[[ Available data open ]]
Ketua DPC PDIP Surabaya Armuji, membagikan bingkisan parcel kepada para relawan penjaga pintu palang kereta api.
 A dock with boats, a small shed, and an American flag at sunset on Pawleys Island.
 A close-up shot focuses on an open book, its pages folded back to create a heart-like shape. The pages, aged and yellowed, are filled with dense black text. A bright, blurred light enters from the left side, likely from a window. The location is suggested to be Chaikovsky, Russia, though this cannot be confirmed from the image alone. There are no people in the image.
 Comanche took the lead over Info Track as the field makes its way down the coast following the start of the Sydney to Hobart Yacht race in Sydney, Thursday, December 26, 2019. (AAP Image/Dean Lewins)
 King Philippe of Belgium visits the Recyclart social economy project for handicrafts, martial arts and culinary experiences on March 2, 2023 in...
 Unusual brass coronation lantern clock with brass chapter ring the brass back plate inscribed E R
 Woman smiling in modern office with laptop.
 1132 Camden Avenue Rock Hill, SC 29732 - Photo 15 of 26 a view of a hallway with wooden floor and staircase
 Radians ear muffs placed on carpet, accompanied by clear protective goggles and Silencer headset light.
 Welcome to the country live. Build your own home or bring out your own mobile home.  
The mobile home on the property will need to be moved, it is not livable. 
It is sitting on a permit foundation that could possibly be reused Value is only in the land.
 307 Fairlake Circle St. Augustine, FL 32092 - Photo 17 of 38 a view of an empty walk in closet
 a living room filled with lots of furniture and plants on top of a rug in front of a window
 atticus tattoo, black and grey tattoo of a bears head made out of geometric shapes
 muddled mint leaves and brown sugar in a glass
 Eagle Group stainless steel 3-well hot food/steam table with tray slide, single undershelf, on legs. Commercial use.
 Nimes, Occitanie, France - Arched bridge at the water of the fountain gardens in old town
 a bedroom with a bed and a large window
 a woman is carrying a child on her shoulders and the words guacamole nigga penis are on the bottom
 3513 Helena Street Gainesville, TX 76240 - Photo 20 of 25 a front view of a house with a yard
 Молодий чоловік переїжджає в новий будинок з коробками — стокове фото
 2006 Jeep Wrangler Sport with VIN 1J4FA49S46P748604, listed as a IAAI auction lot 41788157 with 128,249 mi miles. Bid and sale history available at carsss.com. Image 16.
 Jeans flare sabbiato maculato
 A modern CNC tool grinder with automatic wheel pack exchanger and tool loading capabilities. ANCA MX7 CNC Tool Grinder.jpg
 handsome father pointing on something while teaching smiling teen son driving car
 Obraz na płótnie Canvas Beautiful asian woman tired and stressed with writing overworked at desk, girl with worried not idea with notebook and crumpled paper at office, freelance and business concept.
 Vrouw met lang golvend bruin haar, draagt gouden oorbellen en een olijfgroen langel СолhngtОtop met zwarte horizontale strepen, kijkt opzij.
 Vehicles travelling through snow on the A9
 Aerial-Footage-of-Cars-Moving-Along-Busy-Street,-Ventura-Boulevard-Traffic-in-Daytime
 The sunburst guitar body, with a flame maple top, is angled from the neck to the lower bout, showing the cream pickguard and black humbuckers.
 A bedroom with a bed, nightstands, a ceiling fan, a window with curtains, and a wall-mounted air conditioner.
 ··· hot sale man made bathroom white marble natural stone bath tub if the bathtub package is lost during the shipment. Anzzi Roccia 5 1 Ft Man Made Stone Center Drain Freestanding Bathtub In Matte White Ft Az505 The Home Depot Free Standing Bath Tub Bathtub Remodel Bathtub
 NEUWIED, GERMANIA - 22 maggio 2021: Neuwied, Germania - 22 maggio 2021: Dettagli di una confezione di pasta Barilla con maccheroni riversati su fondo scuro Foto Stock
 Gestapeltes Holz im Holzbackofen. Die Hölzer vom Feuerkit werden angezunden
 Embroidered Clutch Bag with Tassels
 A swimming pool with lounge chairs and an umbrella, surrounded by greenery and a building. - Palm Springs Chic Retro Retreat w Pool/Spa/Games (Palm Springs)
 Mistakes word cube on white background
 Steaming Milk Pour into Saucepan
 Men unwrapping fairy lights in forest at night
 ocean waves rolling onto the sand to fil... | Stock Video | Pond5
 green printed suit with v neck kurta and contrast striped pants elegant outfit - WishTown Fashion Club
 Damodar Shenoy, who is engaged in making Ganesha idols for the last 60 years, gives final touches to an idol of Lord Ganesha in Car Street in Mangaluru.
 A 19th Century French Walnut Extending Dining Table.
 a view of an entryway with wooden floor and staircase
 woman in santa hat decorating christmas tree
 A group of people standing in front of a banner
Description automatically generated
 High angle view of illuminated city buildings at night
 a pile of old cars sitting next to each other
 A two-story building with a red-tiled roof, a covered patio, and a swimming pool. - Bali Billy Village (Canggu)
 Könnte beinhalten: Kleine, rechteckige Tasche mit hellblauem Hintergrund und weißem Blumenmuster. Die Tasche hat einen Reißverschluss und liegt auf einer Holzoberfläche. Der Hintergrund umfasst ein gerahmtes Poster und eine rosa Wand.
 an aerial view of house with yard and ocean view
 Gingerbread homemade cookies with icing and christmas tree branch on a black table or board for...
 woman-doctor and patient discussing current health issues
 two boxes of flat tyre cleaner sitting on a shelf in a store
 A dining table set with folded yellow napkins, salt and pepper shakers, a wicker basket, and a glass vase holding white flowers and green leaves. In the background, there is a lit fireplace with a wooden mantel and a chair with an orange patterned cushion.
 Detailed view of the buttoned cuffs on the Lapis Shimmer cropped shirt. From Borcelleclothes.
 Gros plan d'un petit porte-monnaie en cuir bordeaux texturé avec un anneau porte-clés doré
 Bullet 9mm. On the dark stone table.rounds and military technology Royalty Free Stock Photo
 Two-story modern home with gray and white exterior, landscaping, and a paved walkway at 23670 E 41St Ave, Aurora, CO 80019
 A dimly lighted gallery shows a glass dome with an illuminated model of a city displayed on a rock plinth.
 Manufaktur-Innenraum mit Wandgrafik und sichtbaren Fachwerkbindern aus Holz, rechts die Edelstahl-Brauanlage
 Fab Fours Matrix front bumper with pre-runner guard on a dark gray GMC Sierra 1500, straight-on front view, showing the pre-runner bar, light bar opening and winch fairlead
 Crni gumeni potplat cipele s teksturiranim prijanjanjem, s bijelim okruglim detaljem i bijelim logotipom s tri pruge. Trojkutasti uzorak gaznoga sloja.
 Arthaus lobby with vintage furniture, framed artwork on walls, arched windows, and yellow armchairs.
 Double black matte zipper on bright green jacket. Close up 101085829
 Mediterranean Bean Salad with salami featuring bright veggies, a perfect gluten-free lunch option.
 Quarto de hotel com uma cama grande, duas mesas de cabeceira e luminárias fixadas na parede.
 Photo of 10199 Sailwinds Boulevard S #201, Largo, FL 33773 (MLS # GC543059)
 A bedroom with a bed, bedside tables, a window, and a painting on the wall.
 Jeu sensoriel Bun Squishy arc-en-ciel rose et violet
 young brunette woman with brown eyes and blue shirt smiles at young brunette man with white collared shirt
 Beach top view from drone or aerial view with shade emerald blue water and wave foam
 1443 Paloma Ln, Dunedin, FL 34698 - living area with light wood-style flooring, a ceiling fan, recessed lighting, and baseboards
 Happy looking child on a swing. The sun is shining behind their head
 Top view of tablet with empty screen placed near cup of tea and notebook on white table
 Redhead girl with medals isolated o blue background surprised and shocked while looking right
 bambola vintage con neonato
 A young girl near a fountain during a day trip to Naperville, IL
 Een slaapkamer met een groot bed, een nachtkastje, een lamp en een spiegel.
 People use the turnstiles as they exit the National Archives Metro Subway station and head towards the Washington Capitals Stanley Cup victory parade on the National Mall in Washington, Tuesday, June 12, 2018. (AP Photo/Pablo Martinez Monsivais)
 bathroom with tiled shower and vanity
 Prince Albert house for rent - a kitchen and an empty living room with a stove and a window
[[ Available data closed ]]
* [Requirement]: Give back, exactly as written, the stretch from the line with "1132 Camden Avenue" through the line with "a woman is carrying", and no other lines from the records above.

* [Solution to this exercise]:
 1132 Camden Avenue Rock Hill, SC 29732 - Photo 15 of 26 a view of a hallway with wooden floor and staircase
 Radians ear muffs placed on carpet, accompanied by clear protective goggles and Silencer headset light.
 Welcome to the country live. Build your own home or bring out your own mobile home.  
The mobile home on the property will need to be moved, it is not livable. 
It is sitting on a permit foundation that could possibly be reused Value is only in the land.
 307 Fairlake Circle St. Augustine, FL 32092 - Photo 17 of 38 a view of an empty walk in closet
 a living room filled with lots of furniture and plants on top of a rug in front of a window
 atticus tattoo, black and grey tattoo of a bears head made out of geometric shapes
 muddled mint leaves and brown sugar in a glass
 Eagle Group stainless steel 3-well hot food/steam table with tray slide, single undershelf, on legs. Commercial use.
 Nimes, Occitanie, France - Arched bridge at the water of the fountain gardens in old town
 a bedroom with a bed and a large window
 a woman is carrying a child on her shoulders and the words guacamole nigga penis are on the bottom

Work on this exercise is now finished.